The latest firestorm broke out last Saturday ahead of the Hari Raya Haji holiday, fuelled by two separate incidents. The first over reported remarks by Mumbai-born Islamic preacher Dr Zakir Naik that Indian Malaysians may be more loyal to their ancestral homeland than the country in which they were born and raised; and the second over a fatal road rage incident involving drivers of Chinese and Malay descent.

Liew said the government’s proposed National Harmony and Reconciliation Commission — aimed at strengthening racial and religious ties — is in its final stage of discussions.

He is hopeful the final draft for its set-up will be ready by October 16 when the Dewan Rakyat reconvenes.

The commission was proposed last year by Islamic Affairs Minister Datuk Seri Mujahid Yusof Rawa in place of two Bills to combat rising extremism and bigotry and is under the purview of National Unity and Social Wellbeing Minister P. Waytha Moorthy.

However, the senator did not respond to Malay Mail’s attempts to contact him for comment. It is understood Waytha is currently abroad.

Liew, who is also permanent chairman of Parti Warisan Sabah, told Malay Mail that there are rarely interracial conflicts in his home state; the reason being Sabahans have been taught from a young age to be tolerant of people with different beliefs and cultural practices.

He added that part of the reason why tolerance and understanding is deeply ingrained among Sabahans is because of the frequency of intermarriages, which helps the different communities learn more about other cultures and their sensitivities.

The Batu Sapi MP said Sabahans never look at a person’s race or colour.

“In Sabah, we don’t have this kind of problem. I don’t see the colour of you. I see you as you are, I see you as a Malaysian. We’ve been trained and educated like this,” said Liew.

“Our families have such values because of a lot of intermarriages. It helps us a lot to understand each other more.

“I sincerely hope we can all look at things from this angle and learn to progress as a nation based on our common ground,” he said.

Following the public uproar over the road rage incident that is being investigated under Section 302 of the Penal Code for murder, Liew believes the case stemmed from a misunderstanding that spiralled out of control that is now likely being regretted by the survivor.

“In that particular case, it was two individuals.
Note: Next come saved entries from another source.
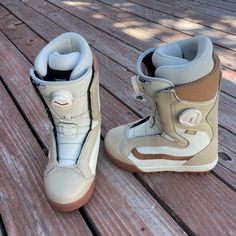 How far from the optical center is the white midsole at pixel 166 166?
2.38 feet

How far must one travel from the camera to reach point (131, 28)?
1.51 meters

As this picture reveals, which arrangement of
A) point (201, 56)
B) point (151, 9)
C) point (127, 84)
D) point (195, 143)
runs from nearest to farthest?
point (201, 56), point (195, 143), point (127, 84), point (151, 9)

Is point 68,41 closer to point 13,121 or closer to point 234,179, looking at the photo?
point 13,121

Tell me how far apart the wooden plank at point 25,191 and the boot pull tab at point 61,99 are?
0.21m

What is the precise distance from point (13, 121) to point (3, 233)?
15.2 inches

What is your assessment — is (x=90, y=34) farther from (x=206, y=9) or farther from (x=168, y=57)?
(x=168, y=57)

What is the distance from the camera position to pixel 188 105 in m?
0.62

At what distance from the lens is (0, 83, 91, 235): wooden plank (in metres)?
0.66

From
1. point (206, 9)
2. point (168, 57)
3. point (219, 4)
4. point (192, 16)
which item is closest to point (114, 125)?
point (168, 57)

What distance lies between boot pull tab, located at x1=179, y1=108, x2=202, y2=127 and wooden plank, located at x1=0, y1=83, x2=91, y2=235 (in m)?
0.29

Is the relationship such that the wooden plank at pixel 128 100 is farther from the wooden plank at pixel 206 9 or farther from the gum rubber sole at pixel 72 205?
the wooden plank at pixel 206 9

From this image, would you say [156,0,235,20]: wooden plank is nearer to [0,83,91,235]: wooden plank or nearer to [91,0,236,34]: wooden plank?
[91,0,236,34]: wooden plank

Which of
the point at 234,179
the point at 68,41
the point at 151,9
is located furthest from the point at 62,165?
the point at 151,9

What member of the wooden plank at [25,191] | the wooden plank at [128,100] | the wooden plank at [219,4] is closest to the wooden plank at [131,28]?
the wooden plank at [128,100] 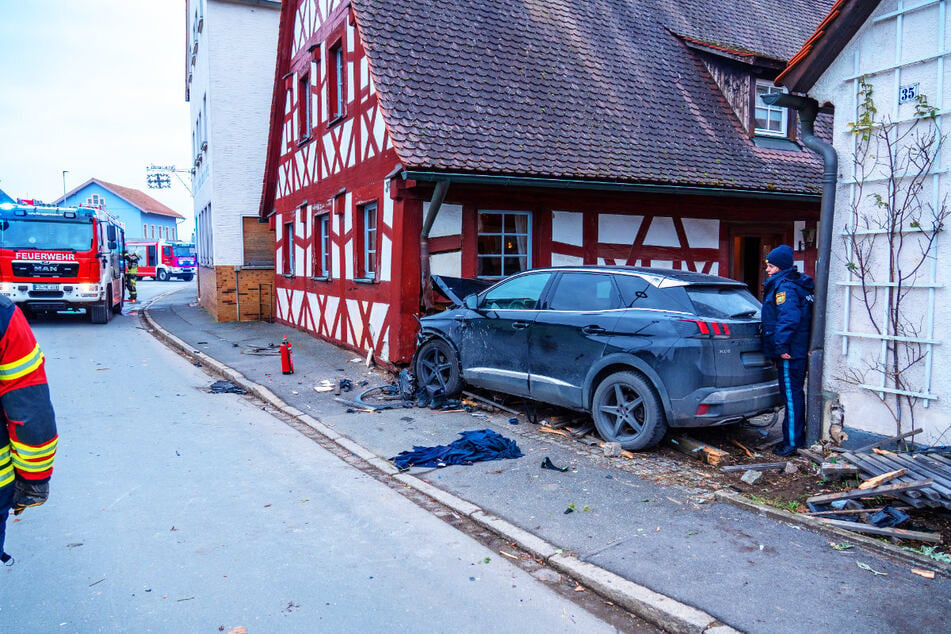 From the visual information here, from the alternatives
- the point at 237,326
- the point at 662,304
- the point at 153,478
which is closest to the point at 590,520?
the point at 662,304

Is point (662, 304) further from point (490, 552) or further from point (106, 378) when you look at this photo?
point (106, 378)

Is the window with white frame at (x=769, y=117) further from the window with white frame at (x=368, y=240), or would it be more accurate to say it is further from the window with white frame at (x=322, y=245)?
the window with white frame at (x=322, y=245)

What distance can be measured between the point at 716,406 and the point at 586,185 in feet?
17.1

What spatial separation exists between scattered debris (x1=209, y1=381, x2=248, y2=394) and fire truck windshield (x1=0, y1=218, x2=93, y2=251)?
35.3 ft

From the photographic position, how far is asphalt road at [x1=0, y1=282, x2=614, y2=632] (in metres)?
3.77

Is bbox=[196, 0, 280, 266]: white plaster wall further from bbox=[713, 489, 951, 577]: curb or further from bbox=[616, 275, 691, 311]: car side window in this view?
bbox=[713, 489, 951, 577]: curb

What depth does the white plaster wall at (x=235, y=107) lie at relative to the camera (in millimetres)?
20250

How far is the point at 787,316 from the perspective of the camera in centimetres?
647

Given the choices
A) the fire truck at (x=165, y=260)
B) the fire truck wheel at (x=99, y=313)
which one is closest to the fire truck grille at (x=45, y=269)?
the fire truck wheel at (x=99, y=313)

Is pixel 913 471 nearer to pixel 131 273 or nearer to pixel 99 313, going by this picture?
pixel 99 313

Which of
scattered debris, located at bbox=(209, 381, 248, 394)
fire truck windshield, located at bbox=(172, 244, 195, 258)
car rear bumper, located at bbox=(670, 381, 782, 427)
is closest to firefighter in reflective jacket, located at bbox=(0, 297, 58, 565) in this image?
car rear bumper, located at bbox=(670, 381, 782, 427)

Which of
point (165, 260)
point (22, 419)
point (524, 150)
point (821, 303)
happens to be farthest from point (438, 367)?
point (165, 260)

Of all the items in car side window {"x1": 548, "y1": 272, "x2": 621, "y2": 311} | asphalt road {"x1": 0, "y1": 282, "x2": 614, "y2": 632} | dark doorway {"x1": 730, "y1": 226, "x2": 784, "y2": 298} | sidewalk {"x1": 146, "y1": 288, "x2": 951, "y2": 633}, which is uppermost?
dark doorway {"x1": 730, "y1": 226, "x2": 784, "y2": 298}

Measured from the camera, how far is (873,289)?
608 centimetres
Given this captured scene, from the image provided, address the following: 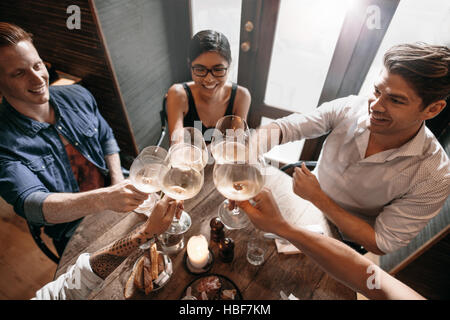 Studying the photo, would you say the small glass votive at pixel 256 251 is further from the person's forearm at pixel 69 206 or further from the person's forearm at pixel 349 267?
the person's forearm at pixel 69 206

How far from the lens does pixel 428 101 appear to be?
4.06 ft

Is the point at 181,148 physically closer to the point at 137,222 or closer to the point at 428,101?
the point at 137,222

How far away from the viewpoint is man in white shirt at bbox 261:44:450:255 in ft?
4.04

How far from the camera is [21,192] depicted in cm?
142

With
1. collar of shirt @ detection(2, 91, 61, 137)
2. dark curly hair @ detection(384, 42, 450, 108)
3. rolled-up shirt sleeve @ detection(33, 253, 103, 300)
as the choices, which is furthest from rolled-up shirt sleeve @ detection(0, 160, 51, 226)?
dark curly hair @ detection(384, 42, 450, 108)

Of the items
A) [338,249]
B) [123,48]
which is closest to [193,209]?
[338,249]

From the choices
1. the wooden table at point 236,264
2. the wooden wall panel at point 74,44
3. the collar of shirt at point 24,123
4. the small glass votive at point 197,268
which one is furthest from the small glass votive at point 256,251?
the wooden wall panel at point 74,44

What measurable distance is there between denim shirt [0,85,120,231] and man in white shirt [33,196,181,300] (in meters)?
0.48

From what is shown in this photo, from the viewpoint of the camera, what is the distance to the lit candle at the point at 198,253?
47.4 inches

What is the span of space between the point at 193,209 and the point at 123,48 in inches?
72.1

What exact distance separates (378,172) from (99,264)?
1.66m

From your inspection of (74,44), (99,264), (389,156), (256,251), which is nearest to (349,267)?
(256,251)

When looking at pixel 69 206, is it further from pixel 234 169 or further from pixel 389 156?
pixel 389 156

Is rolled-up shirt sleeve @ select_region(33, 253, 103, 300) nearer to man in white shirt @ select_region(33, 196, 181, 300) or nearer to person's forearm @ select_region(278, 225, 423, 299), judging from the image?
man in white shirt @ select_region(33, 196, 181, 300) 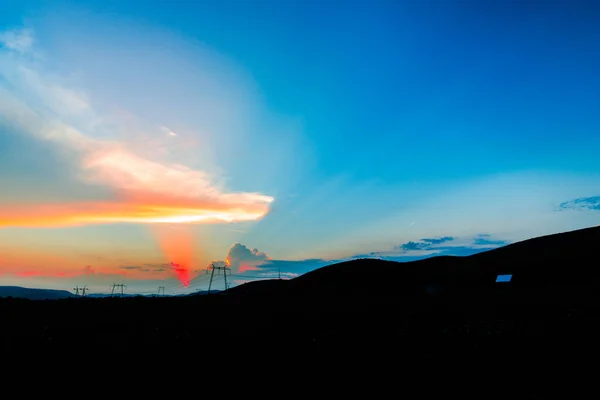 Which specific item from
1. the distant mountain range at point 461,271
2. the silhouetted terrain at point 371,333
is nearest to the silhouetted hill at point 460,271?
the distant mountain range at point 461,271

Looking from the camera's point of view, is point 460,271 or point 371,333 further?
Answer: point 460,271

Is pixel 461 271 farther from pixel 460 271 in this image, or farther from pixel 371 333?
pixel 371 333

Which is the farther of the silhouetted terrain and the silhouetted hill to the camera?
the silhouetted hill

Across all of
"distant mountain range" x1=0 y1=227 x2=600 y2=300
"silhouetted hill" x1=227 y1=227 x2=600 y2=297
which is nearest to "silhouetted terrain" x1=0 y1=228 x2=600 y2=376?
"silhouetted hill" x1=227 y1=227 x2=600 y2=297

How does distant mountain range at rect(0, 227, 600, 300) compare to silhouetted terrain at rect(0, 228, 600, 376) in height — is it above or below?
above

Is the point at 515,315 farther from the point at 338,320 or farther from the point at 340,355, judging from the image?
the point at 340,355

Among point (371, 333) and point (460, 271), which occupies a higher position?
point (460, 271)

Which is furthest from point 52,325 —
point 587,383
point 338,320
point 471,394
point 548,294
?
point 548,294

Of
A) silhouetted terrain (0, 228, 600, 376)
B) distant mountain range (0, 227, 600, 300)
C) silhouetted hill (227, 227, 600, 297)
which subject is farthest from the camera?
distant mountain range (0, 227, 600, 300)

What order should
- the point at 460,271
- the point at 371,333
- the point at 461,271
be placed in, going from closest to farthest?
the point at 371,333, the point at 461,271, the point at 460,271

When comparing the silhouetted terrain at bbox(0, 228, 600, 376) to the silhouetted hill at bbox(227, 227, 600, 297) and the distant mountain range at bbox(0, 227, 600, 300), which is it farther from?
the distant mountain range at bbox(0, 227, 600, 300)

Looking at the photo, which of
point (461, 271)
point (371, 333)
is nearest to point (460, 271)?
point (461, 271)

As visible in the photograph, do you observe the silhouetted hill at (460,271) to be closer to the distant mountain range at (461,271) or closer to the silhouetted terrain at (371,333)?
the distant mountain range at (461,271)

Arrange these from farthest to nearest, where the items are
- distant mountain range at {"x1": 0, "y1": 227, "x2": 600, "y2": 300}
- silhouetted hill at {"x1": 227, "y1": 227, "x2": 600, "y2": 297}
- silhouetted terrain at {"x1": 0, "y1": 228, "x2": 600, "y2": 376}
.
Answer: distant mountain range at {"x1": 0, "y1": 227, "x2": 600, "y2": 300}
silhouetted hill at {"x1": 227, "y1": 227, "x2": 600, "y2": 297}
silhouetted terrain at {"x1": 0, "y1": 228, "x2": 600, "y2": 376} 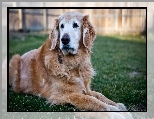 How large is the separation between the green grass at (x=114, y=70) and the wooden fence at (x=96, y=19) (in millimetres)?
119

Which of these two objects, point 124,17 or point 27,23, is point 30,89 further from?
point 124,17

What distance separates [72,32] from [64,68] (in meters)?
0.45

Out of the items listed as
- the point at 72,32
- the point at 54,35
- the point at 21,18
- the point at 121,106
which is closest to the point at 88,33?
the point at 72,32

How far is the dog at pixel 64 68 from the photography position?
18.3ft

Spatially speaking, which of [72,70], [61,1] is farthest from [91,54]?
[61,1]

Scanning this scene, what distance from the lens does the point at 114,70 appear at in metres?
5.95

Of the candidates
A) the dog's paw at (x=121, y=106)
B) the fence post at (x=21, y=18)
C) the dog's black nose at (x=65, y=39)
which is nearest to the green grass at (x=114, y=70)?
the dog's paw at (x=121, y=106)

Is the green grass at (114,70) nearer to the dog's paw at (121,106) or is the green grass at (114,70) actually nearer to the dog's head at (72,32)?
the dog's paw at (121,106)

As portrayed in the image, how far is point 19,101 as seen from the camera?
578 cm

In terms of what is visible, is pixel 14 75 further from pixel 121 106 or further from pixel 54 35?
pixel 121 106

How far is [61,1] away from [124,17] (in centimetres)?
77

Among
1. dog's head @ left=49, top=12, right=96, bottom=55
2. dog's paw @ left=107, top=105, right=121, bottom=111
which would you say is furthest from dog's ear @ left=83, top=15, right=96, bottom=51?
dog's paw @ left=107, top=105, right=121, bottom=111

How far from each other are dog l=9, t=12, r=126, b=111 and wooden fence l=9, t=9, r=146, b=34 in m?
0.13

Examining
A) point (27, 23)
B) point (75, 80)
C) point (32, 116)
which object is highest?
point (27, 23) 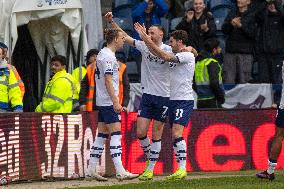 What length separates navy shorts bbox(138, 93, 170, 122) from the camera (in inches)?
648

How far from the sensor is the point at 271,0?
2181 centimetres

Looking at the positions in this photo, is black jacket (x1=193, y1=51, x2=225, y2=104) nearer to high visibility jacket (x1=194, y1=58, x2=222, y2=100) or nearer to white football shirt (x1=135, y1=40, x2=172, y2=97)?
high visibility jacket (x1=194, y1=58, x2=222, y2=100)

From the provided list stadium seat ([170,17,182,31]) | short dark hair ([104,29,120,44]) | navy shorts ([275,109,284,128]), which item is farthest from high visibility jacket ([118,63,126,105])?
stadium seat ([170,17,182,31])

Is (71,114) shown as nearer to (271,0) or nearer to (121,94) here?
(121,94)

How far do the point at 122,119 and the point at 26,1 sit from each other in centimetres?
323

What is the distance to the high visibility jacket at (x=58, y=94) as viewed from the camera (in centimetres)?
1759

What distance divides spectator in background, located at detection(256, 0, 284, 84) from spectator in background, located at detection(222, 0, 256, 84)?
0.94ft

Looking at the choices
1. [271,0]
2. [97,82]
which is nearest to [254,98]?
[271,0]

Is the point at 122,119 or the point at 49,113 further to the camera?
the point at 122,119

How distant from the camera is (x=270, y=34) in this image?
22.1 meters

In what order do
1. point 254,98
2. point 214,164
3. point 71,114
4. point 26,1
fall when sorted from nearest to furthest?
point 71,114, point 214,164, point 26,1, point 254,98

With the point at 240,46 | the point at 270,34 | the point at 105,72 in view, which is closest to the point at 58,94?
the point at 105,72

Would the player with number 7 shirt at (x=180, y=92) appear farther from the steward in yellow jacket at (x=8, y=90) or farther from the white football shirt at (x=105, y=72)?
the steward in yellow jacket at (x=8, y=90)

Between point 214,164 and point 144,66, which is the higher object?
point 144,66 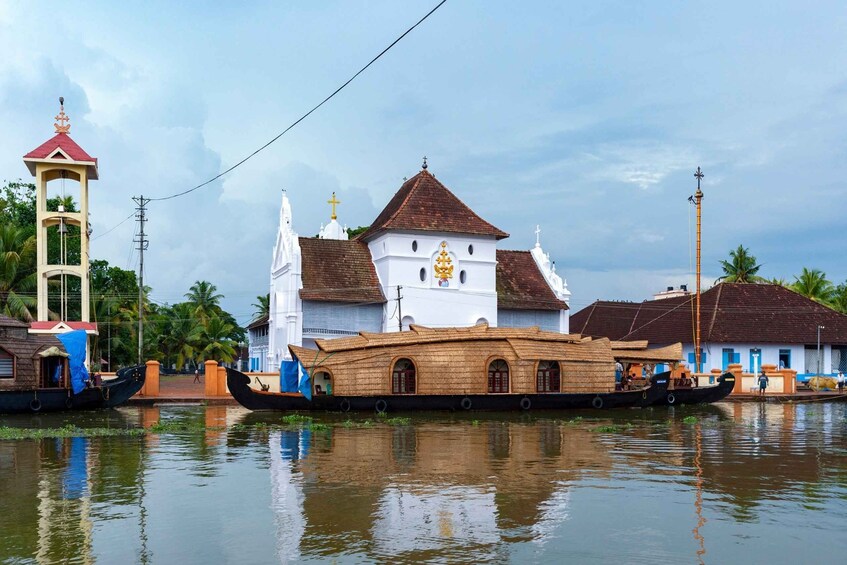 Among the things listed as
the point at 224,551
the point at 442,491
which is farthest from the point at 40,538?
the point at 442,491

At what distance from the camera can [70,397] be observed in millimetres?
27125

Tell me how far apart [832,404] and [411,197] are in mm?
19925

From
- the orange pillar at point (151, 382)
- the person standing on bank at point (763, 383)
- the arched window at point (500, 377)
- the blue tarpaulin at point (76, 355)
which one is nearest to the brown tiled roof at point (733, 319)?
the person standing on bank at point (763, 383)

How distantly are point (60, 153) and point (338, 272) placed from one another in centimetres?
1294

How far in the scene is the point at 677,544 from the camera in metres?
9.39

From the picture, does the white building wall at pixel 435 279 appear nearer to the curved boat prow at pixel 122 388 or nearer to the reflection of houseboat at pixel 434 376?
the reflection of houseboat at pixel 434 376

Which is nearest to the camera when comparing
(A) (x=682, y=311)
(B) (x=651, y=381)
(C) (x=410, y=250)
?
(B) (x=651, y=381)

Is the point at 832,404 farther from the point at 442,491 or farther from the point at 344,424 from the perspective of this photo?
the point at 442,491

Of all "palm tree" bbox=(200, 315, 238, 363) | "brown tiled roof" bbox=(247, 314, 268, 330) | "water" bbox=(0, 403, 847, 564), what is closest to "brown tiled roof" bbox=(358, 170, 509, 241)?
"brown tiled roof" bbox=(247, 314, 268, 330)

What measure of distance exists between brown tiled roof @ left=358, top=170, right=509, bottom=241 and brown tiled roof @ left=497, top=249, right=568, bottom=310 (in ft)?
9.83

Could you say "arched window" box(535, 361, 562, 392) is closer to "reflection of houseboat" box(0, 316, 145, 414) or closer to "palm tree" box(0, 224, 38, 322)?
"reflection of houseboat" box(0, 316, 145, 414)

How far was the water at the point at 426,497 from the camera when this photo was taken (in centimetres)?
918

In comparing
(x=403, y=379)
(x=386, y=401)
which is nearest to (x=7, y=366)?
(x=386, y=401)

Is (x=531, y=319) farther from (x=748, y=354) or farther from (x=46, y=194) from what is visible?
(x=46, y=194) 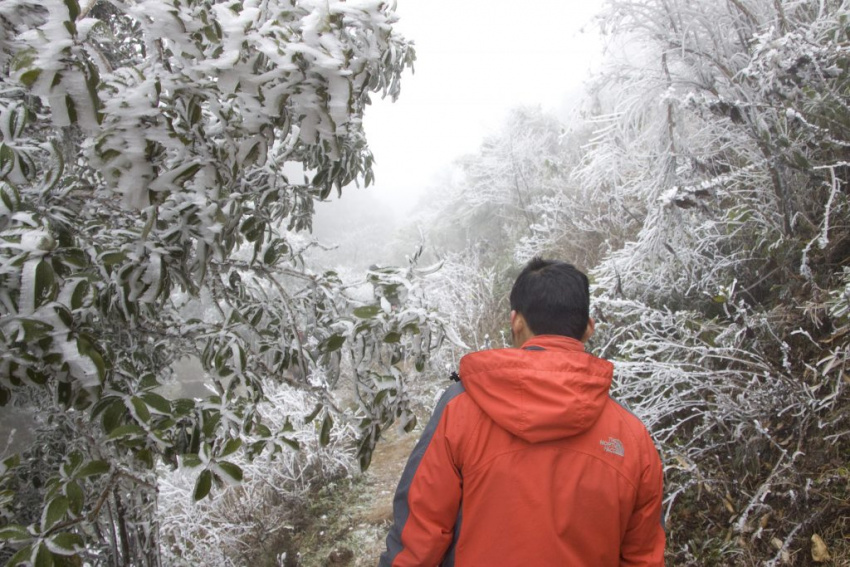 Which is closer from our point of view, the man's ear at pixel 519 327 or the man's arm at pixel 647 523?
the man's arm at pixel 647 523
There was a misunderstanding that went out of control, then it caused that incident, which is regrettable.

“I’m sure the person who was arrested is pondering whether his action was worth it. We must always remember to calm down and ensure we do not lose control of any situation. Because it can happen to anyone,” said Liew.

The minister thinks the public outcry over the accident has been blown out of proportion due to the racial overtones, pointing out that accidents and road rage can happen between people of the same ethnic background without creating as much of a stir.

“Sometimes, it can happen to the same race, you know. Between friends and so on. They can lose control too,” he said.

The road rage incident that resulted in the death of a 29-year-old Malay man took place in Bangi, Selangor on August 10.

According to police statements, a 40-year-old Chinese driver reversed into the Malay man who had earlier used a baseball bat to smash the former’s car bonnet following an altercation.

The Chinese man and his 36-year-old wife who was in the car when the incident occurred are currently under police remand until August 17.

The police have issued a reminder urging the public not to turn the incident into a racial issue.